A história do mico em dobro

27 jan • NotasNenhum comentário em A história do mico em dobro

Há muitos anos, um executivo teve que se deslocar de Porto Alegre para a filial Novo Hamburgo da sua empresa. Era uma sexta-feira muito quente, não iria voltar para o escritório, então dispensou paletó, gravata e carro.

Vestiu uma calça Lee, o jeans da época, uma espécie de tênis de pobre chamado Maria Mole, e uma camisa sem bolso tirada do baú da juventude. Passava do meio-dia quando pegou o ônibus direto para a cidade onde havia tirado o ensino médio, Curso Científico na época.   

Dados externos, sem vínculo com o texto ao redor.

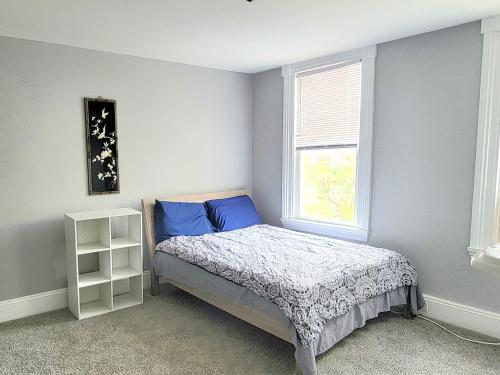 巴尔的摩Budget Bed Room near Downtown Inner Harbor w Free Parking的一间卧室配有一张带蓝色枕头的床和一扇窗户。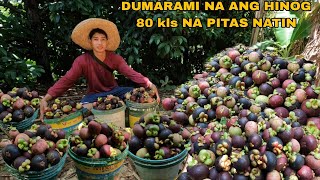 PAMIMITAS NG MANGOSTEEN NAKA 80 KILOS NA TAYO DUMARAMI NA ANG HINOG [upl. by Akisey]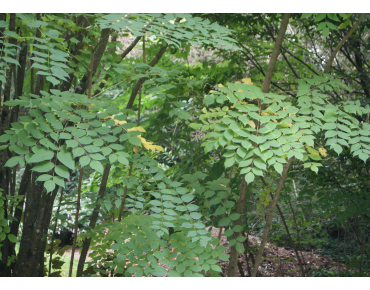 Kentucky coffee tree - Gymnocladus dioicus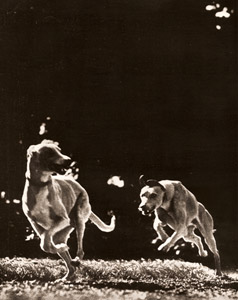 兎猟犬 [ハイン・ゴルニー, アサヒカメラ 1937年4月号より]のサムネイル画像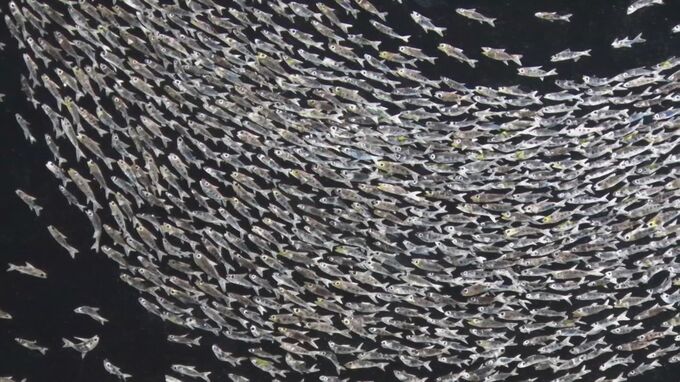 魚の「うろこ」１枚１枚を使い…1040匹「イワシの群れ」表現　「うろこアート」とは？　|　BSSニュース | BSS山陰放送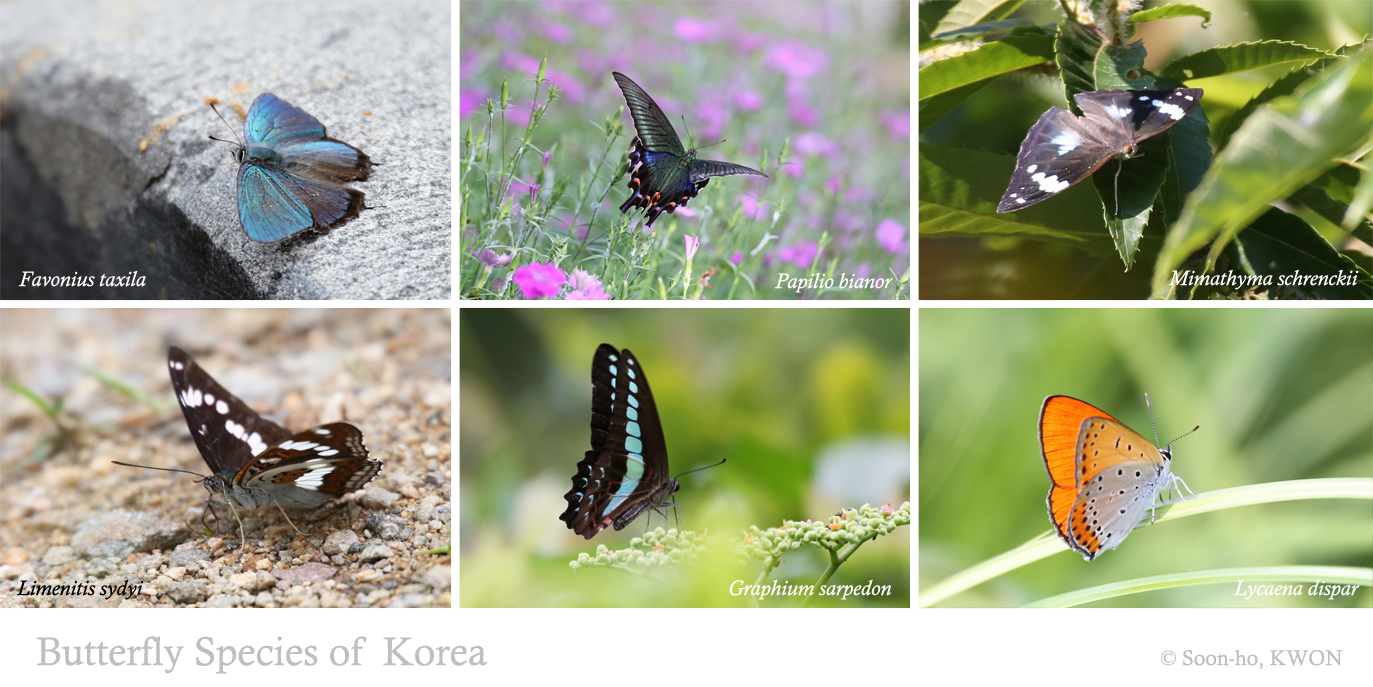 [2019생다양성 그린기자단] 나비 없는 들녘, 우리가 향유해야 할 세상은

Como seria viagem vapt-vupt, botou no bolso só a identidade e algum dinheiro para táxi e passagem. Da rodoviária foi de táxi à filial, fez o que tinha que fazer e voltou de táxi para o centro da cidade.

Mais tarde lembrou-se que algo o incomodava, algo não estava bem certo. Antes de voltar, resolveu tomar uns chopes numa mesinha na rua do bar. Quando quis pagar a despesa, entrou em pânico. O último dinheiro fora para pagar o táxi. E agora? 

Tentou manter a calma. Como tinha feito muitas amizades, quem sabe alguém passaria em frente. Deu sorte. Um colega de colégio parou à sua frente.

Abordou-o com legítima alegria, no que foi correspondido. Trocaram lembranças dos velhos tempos e coisa e tal. Lá pelas tantas, contou a história de estar sem dinheiro. Poderia a amizade pagar a conta? O outro entristeceu o olhar.          

– Meu pobre amigo, agora me deixaste muito triste. Para uns, a vida deu certo, vejo que para ti ela deu errado. 

Tirou uma nota que seria de R$ 100,00, colocou-a discretamente na mão do ex-colega. Estupefato, o executivo quis corrigir o engano, não era nada disso, ele estava muito bem financeiramente, não era nada disso peloamordedeus, fora apenas distração.

Quanto mais ele explicava, mais o amigo se convencia  do oposto. Chamou o garçom e pagou os chopes. Despediu-se com os olhos marejados de lágrimas. Caminhou alguns metros e se voltou para o desastrado explicante.         

– Mas não vai gastar tudo em bebida!                                                         

x-x-x

Décadas mais tarde, no tempo presente, o executivo calhou de encontrar o amigo que há muito não via em uma cafeteria de Porto Alegre. Abraçaram-se, beijaram-se entre risadas, como você vai e coisa e tal.

Quando o amigo perguntou se ele estava bem de vida, o executivo lembrou da história de Novo Hamburgo e a contou. Terminado o relato, olhou-o fixamente por algum tempo. Depois tirou duas notas de R$ 50,00 e as colocou discretamente embaixo da xícara de cafezinho do estupefato amigão. Antes de ir embora, deu o recado.         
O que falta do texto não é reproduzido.